Знал я когда-то в деревне Потатуйке древнего старца Власьича. Доброй души был старик, высокий, сухощавый, волосом бел; шея, руки, лицо в морщинах: глаза голубые, ясные; речь тихая, мягкая, неспешная. Лет пятнадцать тому назад он был уже сильно ветх, а без труда — ни минуты; по зимам и дремлет, а лапоть ковыряет; летом еле ногами двигает, а на реку рыбу удить плетется. Сядет на песчаном бугорке под кустом, чтобы не очень его пекло, закинет удочку, щурится, нет-нет, а красноперого окунька выбросит на берег, да и на кукан.
И вот в одно лето с Власьичем случилась история на рыбной ловле.
Сидит старый на берегу, под любимым кустиком, сидит час, другой, посадил уж на кукан штук шесть окуньков, два-три щетинистых ерша, пополдничал, покрестясь, хлебцем с водицей, подумал-подумал: “Не поплестись ли домой? Нет, может-быть, к вечеру еще какой пяток окуней или ершей наловлю.. потешу внучат,– пускай радуются да едят уху на здоровье”…
И поднялся было старый, да опять насадил червяка, закинул удочку на Фенино счастье (внучка у него пятилетка, Феня) и присел. Присел, повеяло ветерком, а дрема тут как тут, точно напевает: “Спи-засни… спи-засни!” Заклевал старый Власьич носом и заснул; пошли у него хорошие сны…
В эту-то минуту из мелких кустов шмыг-шмыг,– тихо выплыла лиса. Лису охватил яркий солнечный свет; она щурит глаза, вертит пушистым хвостом направо, налево, обнюхивает…
Томит лису жажда; лиса — к реке, лакает чистую воду, а сама думает: “Ах, как хорошо! Ах, как хорошо… как приятно!” Напилась, смотрит в воду–вода прозрачная!– видно песчаное дно, бугорки, ямки, камешки, маленькия плотички играют весело: вильнут хвостом и дальше, точно манят лису к себе. Лиса задумалась: “Ай и вправду половить рыбки?… Рыбный стол — вкусный тоже стол”…

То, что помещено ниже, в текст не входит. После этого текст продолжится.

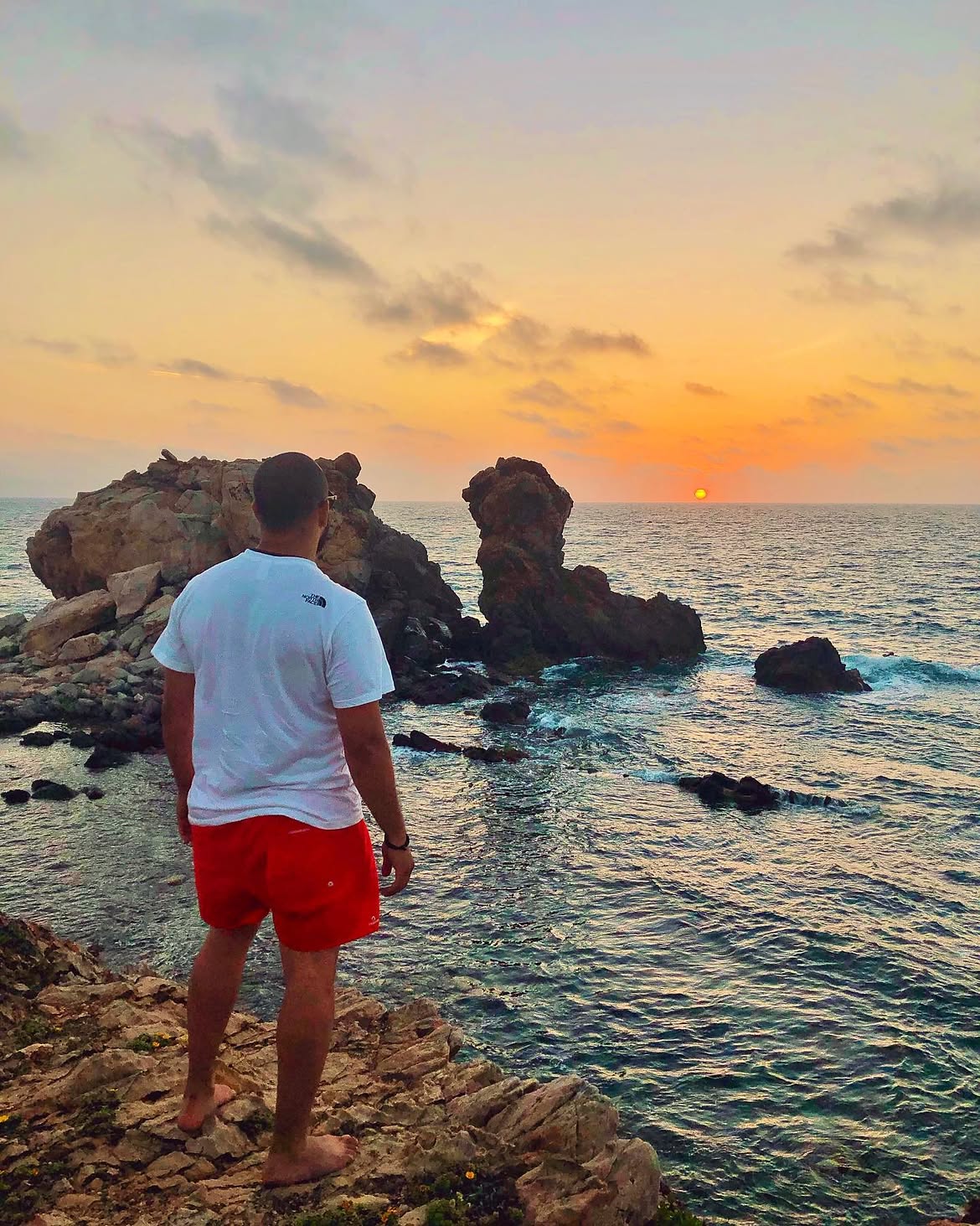 Person standing at the rocky coast at sunset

Лиса побрела вблизи берега, лапкой хвать да хвать плотичку, а плотичка от неё в сторону да в сторону; лиса вперед… “Ба! Вот рыбка покрупнее”, думает лиса и играет лапкой с окуньками Власьича; окуньки вертятся около неё, ерши топорщатся, а далеко не отплывают… “Чудно что-то!– удивляется лиса и начинает обхаживать кругом.– Нет ли тут,– думает,– какой-нибудь человечьей хитрости, как бы в беду не попасть!..”

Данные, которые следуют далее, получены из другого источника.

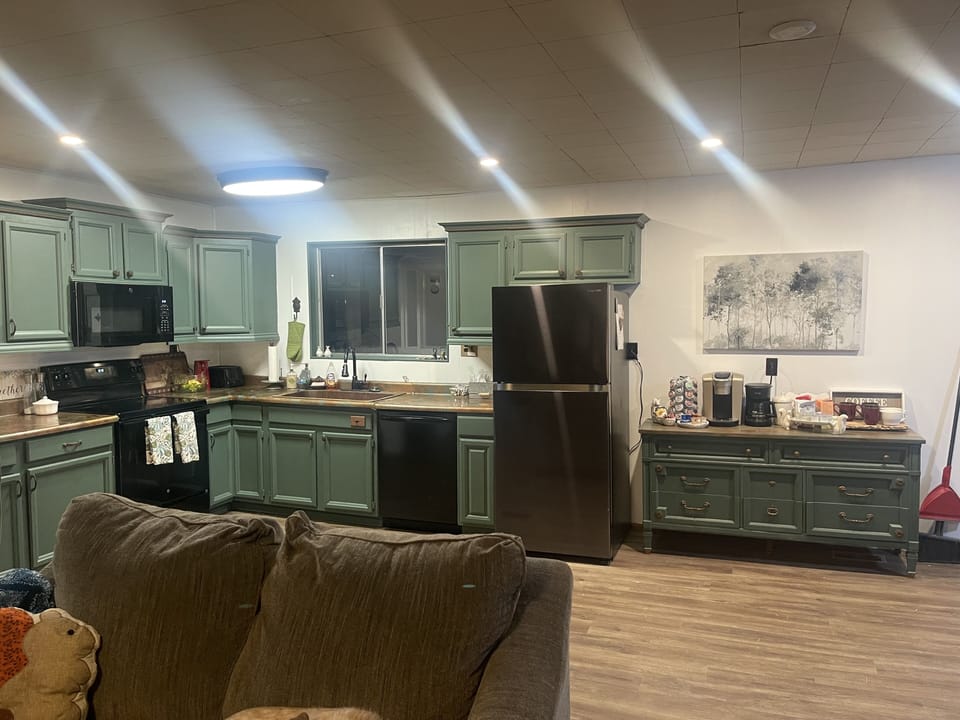 Large kitchen with dishes, pots, and staples you need for cooking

Оглянулась по сторонам, видит — дремлет на берегу старик… Лиса бросилась дальше, остановилась, облизывает губы языком,– разлакомила ее живая рыбка… И охота половить — и страх берет. Подумала-подумала, прилегла, глаза прикрыла, лежит,– не дышит, минута,– и поползла тихонько, помалехоньку, ближе да ближе, ползет, а в старика зорко всматривается… “Спит… стар… Стар, что мал, не опасен… Будь — что будет! Ножки резвые не выдадут,– улизну от старого, не догонит!” И вот лиса опять у кукана, присела, хвать-хвать лапкой, еще; еще; поиграла с окуньками, нащупала лапой бечеву, добралась к берегу до палки, палку в зубы, рыбу на спину и понеслась по берегу; бежит, бежит да нет-нет на старого и оглянется… А старый — “хр-хр!” — храпит и хорошие сны видит…
Бежит лиса по берегу, бежит-спешит, а навстречу ей — мальчонка, Сенюшка, внучек Власьича; он шел деда проведать, увидал лису с рыбой, бросился за ней, лиса набавила шагу да в кусты,– и поминай как звали!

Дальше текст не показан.